When I was about 20 years old, I was in the middle of a 2-year stint as Elder Dean, a suit-and-tie, black-nametag Mormon missionary.
Something important to understand about missions for the Church of Jesus Christ of Latter-day Saints is that the missionaries don’t get to pick their assignments. You send an application packet to Salt Lake City, and you get back a set of documents that tells you when and where to report for training, and then what corner of the globe you’ve been assigned to help. Individual missions don’t advertise.
I was assigned to Idaho, specifically what was called the Idaho Boise mission, which occupied a chunk of western Idaho and eastern Oregon, with Boise in the middle. For a city kid from southern California, this was a culture shock.

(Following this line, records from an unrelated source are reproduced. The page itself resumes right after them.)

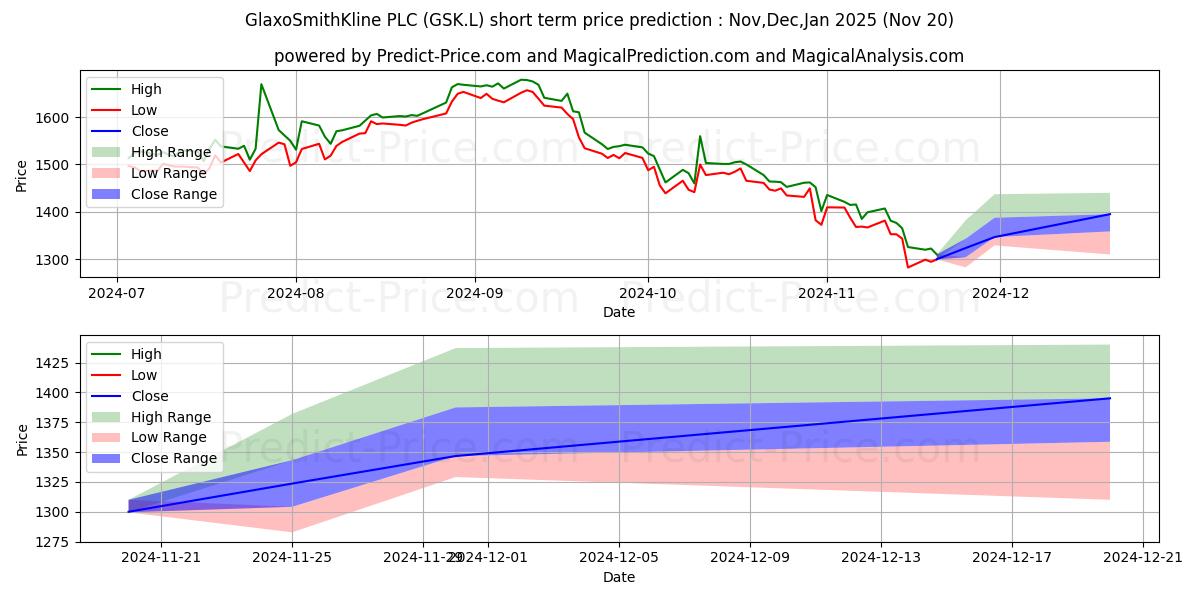 Maximum and minimum GLAXOSMITHKLINE PLC ORD 25P short-term price forecast for Dec,Jan,Feb 2025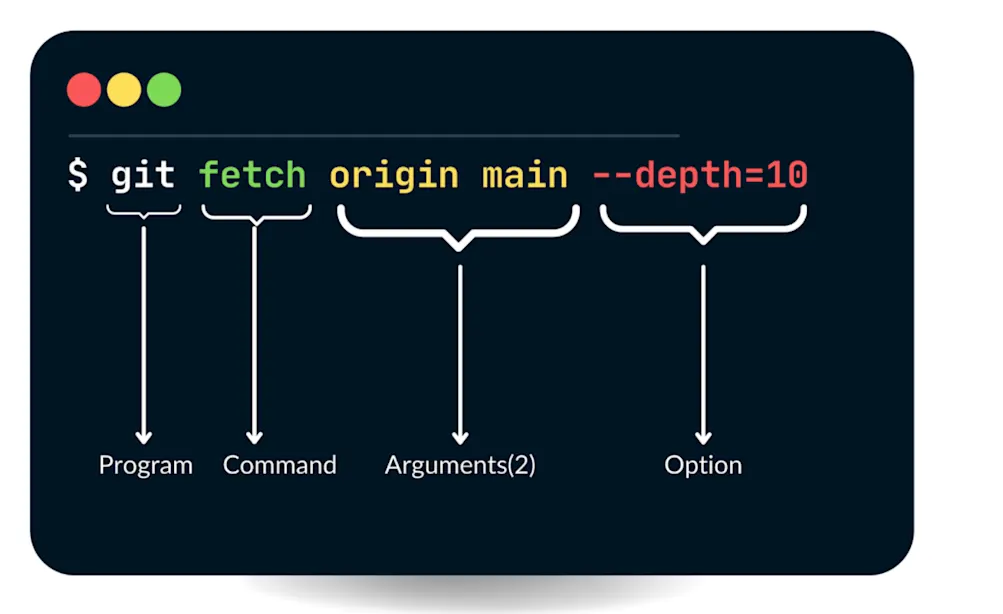 Git fetch CLI command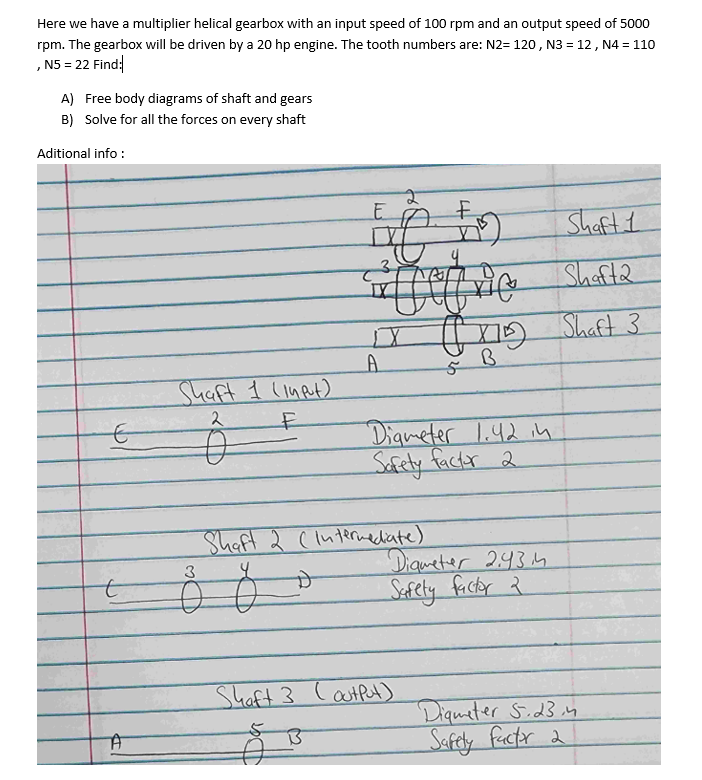 Aditional info: Problem 1 3 - 1 6 ensions in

But the people were generally friendly, and we got regular dinner invitations from the local members. In this case, a nice old couple, who had retired from their life of farming to a nice retirement cottage community, had invited us over. This nice old farm wife called us that morning to confirm and asked us if there was anything special we’d like to eat.
So my companion is the one on the phone, and he turns to me and asks, and I say “it’s been a long time since I’ve had lasagna. Does she make lasagna?”

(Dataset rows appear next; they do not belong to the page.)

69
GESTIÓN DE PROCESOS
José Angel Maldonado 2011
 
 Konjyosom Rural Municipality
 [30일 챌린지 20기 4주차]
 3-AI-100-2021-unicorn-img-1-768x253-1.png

He asks, and it goes like this as I watch him on the phone:
“How about lasagna? – Well, it’s really not – Honestly it isn’t – well, that’s … excellent. We’ll see you this evening. “
And he hangs up the phone and says “Elder Dean, she’s never made lasagna in her life, but she’s gonna now because you asked.”
Deep Sigh.
So all day we have a light dread about how we’re going to need to deal with dinner. We’re 20 year-old young men, so we can eat anything if we have to. And of course we’re prepped to find some way to compliment anything we get served. That’s just polite. But still, dread. And then the little old retired farmer comes to pick us up for dinner, and he doesn’t help. He leans in, in the way that older men confide in younger men, and he says:
“Elders, I don’t know what she’s makin’, but she sent me to the store for things I never heard of.” He was clearly skeptical, and the implication was clear. There was no telling what we were about to eat, but as men, three of us now, it was our duty to like it.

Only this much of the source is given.